AS AMERICAN AS APPLE PIE AND BASEBALL
No other rifle action in existence is more American than the lever-action. While bolt guns and semiautomatics win in popularity with today’s shooters in the United States, the lever gun still has a large following. No other rifle action drips with the history of 19th-century America as does the lever-action.
There are some generalities about lever guns that merit discussion: reliability and accuracy. It is true that lever-action rifles are more complicated than bolt guns—and maybe even semiautomatics.
TIMING IS EVERYTHING
A bolt-action rifle is about as simple as a repeater can be, and the mechanics of even a semiauto are pretty simple.
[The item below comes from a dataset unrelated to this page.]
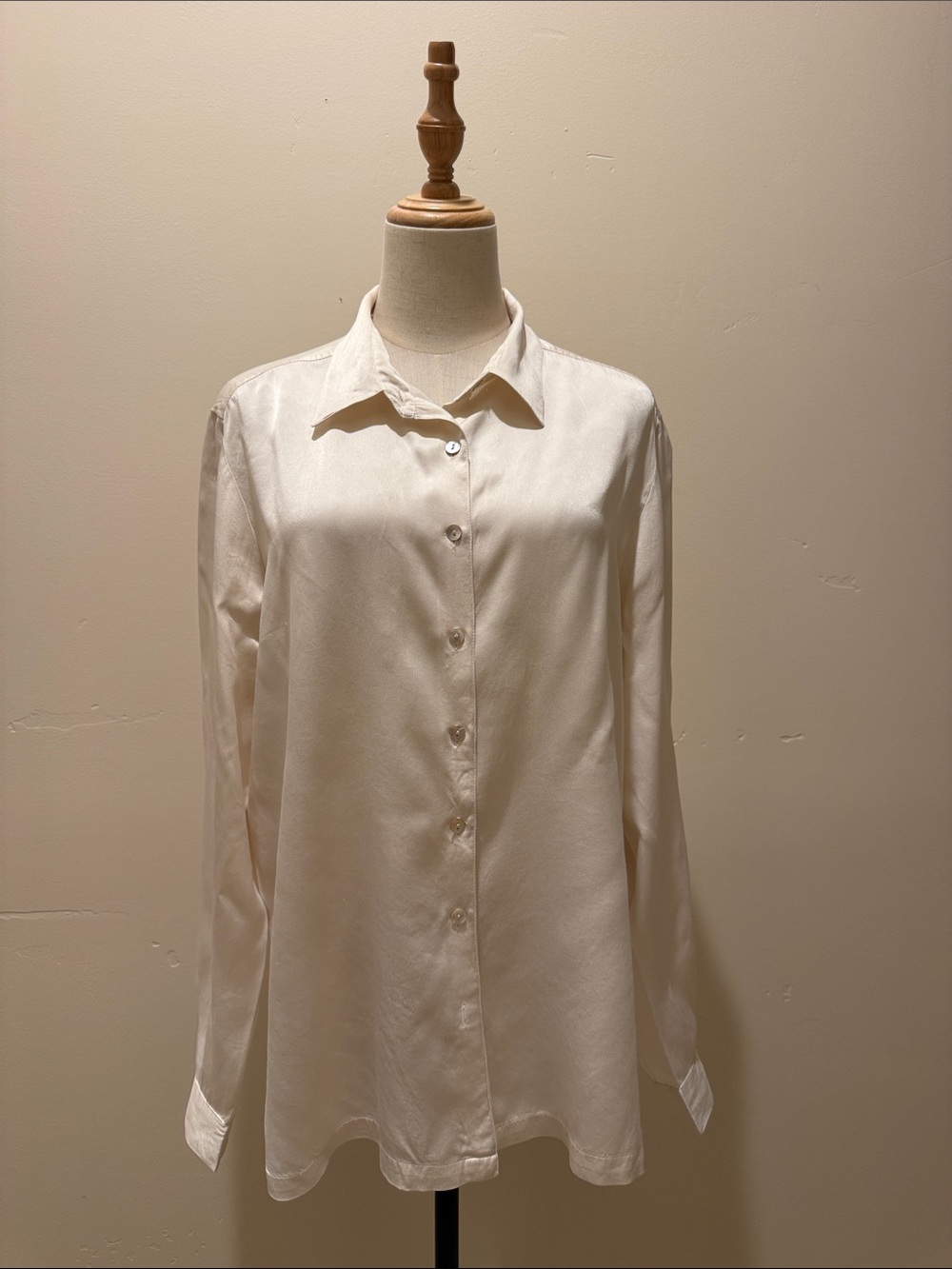 Vintage Merona cream 100% silk button down collared blouse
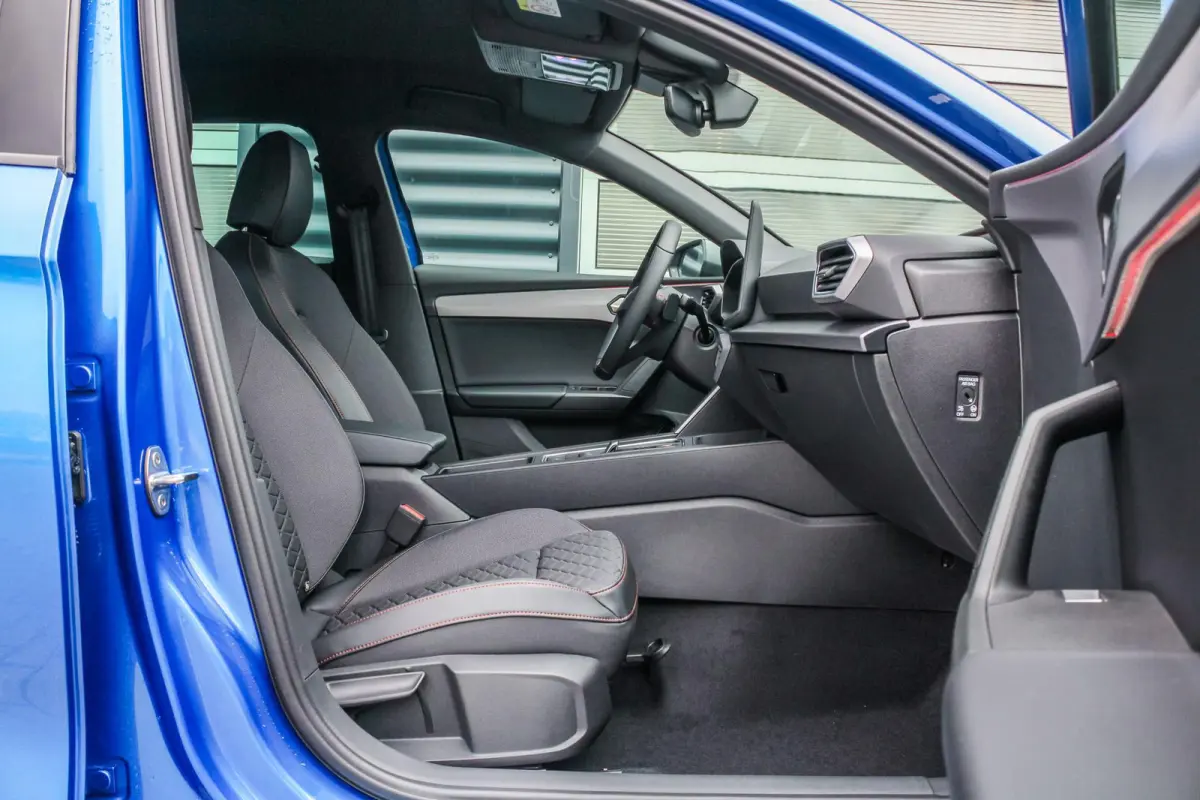 1.5 TSI 204pk e-Hybrid FR Business | Technology Pack | 18" Velgen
A traditional lever-action has to be timed perfectly to accomplish firing, ejection and feeding a cartridge from a tubular magazine without something going wrong.
A good example is the Winchester Model 94 I own. It is chambered for the .357 Magnum cartridge, which is a dandy cartridge when fired from a rifle-length barrel. Even better is the .357 Maximum cartridge. The Model 94 action is plenty long enough to handle the extra length of the .357 Maximum cartridge, so I figured the .357 Max in that handy carbine would be an ideal lever gun.
Not so simple. That little rifle has been to four of the top gunsmiths in the nation, with each trying to get the rifle to feed reliably. So far, none was successful. It feeds .357 Magnum cartridges flawlessly, but the longer Maximums will not feed. The timing is off.